The data –
+ + + +
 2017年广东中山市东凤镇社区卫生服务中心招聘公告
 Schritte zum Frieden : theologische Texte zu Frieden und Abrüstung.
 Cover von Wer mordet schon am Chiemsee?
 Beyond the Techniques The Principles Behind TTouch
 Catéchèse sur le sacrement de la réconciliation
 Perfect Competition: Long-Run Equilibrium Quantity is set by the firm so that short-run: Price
+ + + +
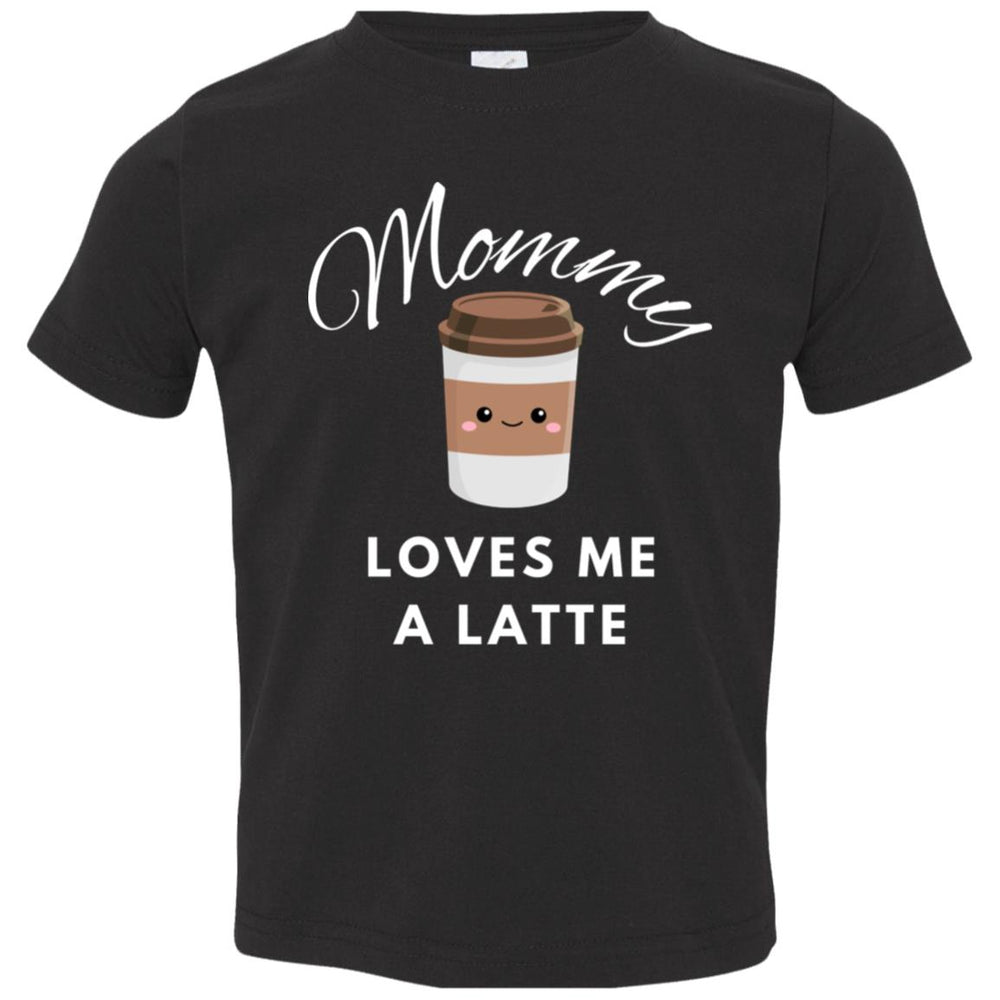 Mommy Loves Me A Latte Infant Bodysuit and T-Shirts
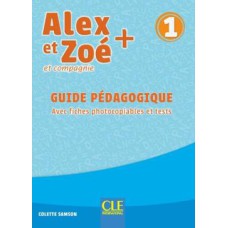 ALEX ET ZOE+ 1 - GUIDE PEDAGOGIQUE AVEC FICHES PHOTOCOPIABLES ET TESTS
+ + + +
What you need to do – After locating the line with "Schritte zum Frieden" in the material above, return it and each line after it exactly, ending at the line with "Perfect Competition: Long-Run".

Answer for this exercise –
 Schritte zum Frieden : theologische Texte zu Frieden und Abrüstung.
 Cover von Wer mordet schon am Chiemsee?
 Beyond the Techniques The Principles Behind TTouch
 Catéchèse sur le sacrement de la réconciliation
 Perfect Competition: Long-Run Equilibrium Quantity is set by the firm so that short-run: Price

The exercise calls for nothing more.